Hoffmann et al looked at methylation of the APC and DAPK (Death associated protein kinase) promoters.191 , 193 , 194 Of 59 patients, 61% were positive for one or both markers. Use of both makers led to significant discrimination with respect to survival (<2.5 years) with a p-value of 0.03. Presurgical neoadjuvant chemoradiation was seen to significantly decrease levels of methylated promoter detected in plasma (an encouraging sign of treatment effect but an obstacle to developing a useful biomarker). Pretreatment DAPK promoter methylation had by far the strongest ­independent effect on survival but might be functioning as a surrogate marker for adenocarcinoma).

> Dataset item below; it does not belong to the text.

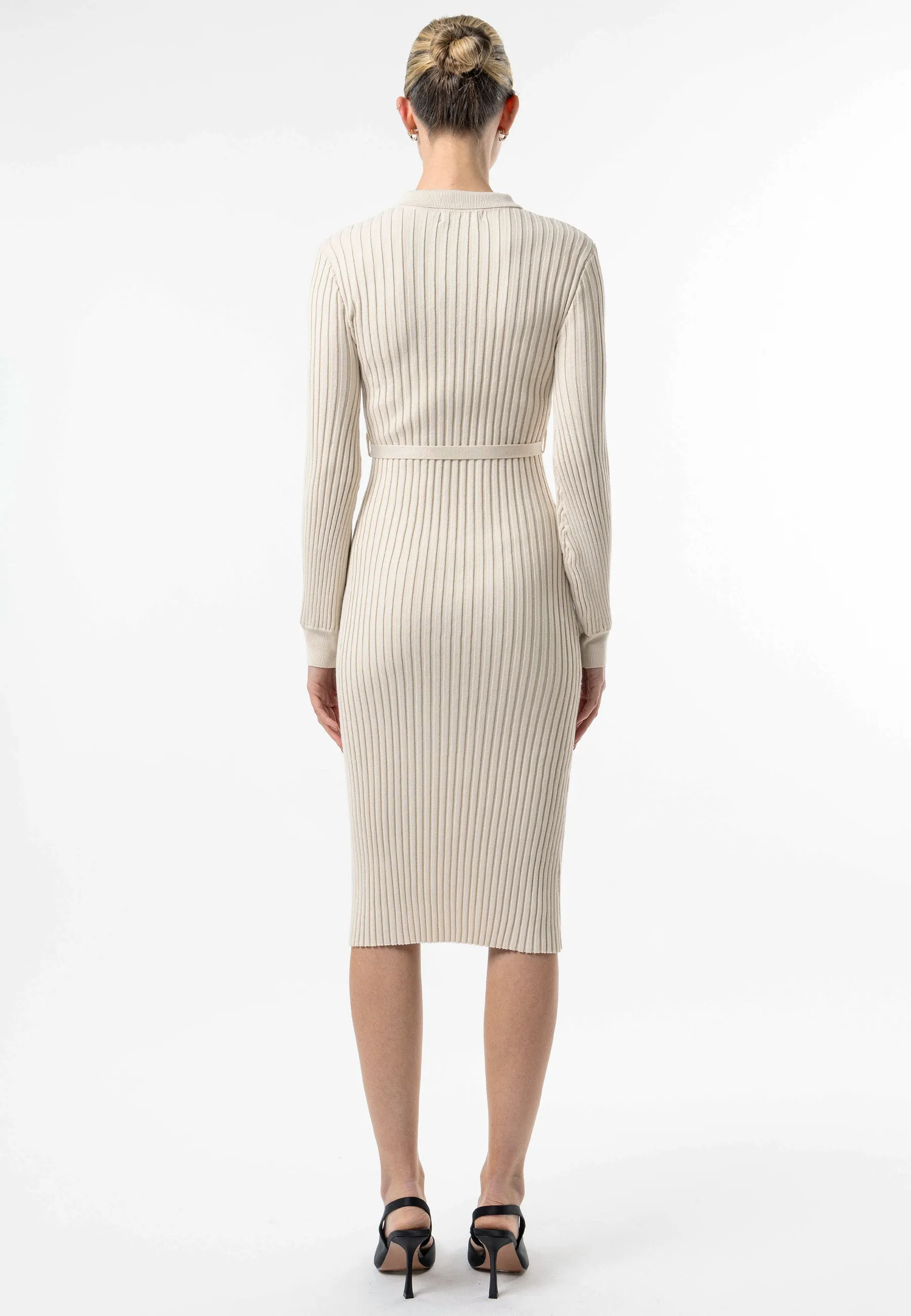 Cream Long Sleeve Knit Shirt Dress with Belt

The study by Ikoma et al is the only study so far to look at CTC and plasma.177 44 patients were studied by RT-PCR for CEA and for specific methylated sites in p16, E-cadherin and RAR-beta. Mononuclear cells were isolated by density gradient from 5 ml of whole blood to measure CEA by RT-PCR. Another 5 ml aliquot was centrifuged sequentially three times to obtain cell-free plasma for detection of methylated DNA by qualitative PCR. CEA was detected in 12 patients (27%). Fourteen patients (32%) showed methylation in one or more promoters. Twenty-three patients had an abnormality in one of the assays. Methylation status of the primary tumors was not provided; no information was given regarding clinical parameters such as outcome.

Esophageal Cancer: Circulating miRNA

Xie tabulates the results of four miRNA profiling studies of esophageal cancers including adenocarcinomas and squamous cell carcinomas.122 At the time of this writing there are no published studies of circulating miRNA in patients with esophageal cancer.

Gastric Cancer: CTC

Literature review identified 20 studies in the period 2000–2010.195-2 15 These encompass 1,546 subjects (excluding controls), 13 had fewer than 100 subjects. Mimori et al looked at 810 patients (and 29 controls), extracting total RNA from whole blood (the discussion implies this was interpreted as reflecting CTC) and performing real-time PCR for CEA, CK-7, CK-19, and VEGFR-1.203 30% of all subjects were positive for one or more markers in peripheral blood (48% in bone marrow). Kolodziejczyk screened 268 consecutive patients with gastric cancer under consideration for chemotherapy followed by gastrectomy.200 Samples were drawn before starting chemotherapy and just before surgery. Flow sorted CD45(−) cells screened for CTC by IHC for cytokeratins. Only 32 subjects showed CTC or DTC (bone marrow) (12%). The level of DTC but NOT CTC showed a response to chemotherapy, but the DTC “responders” showed a lower 3 year survival. Fourteen studies report correlation of one or more clinical parameters with the level of CTC.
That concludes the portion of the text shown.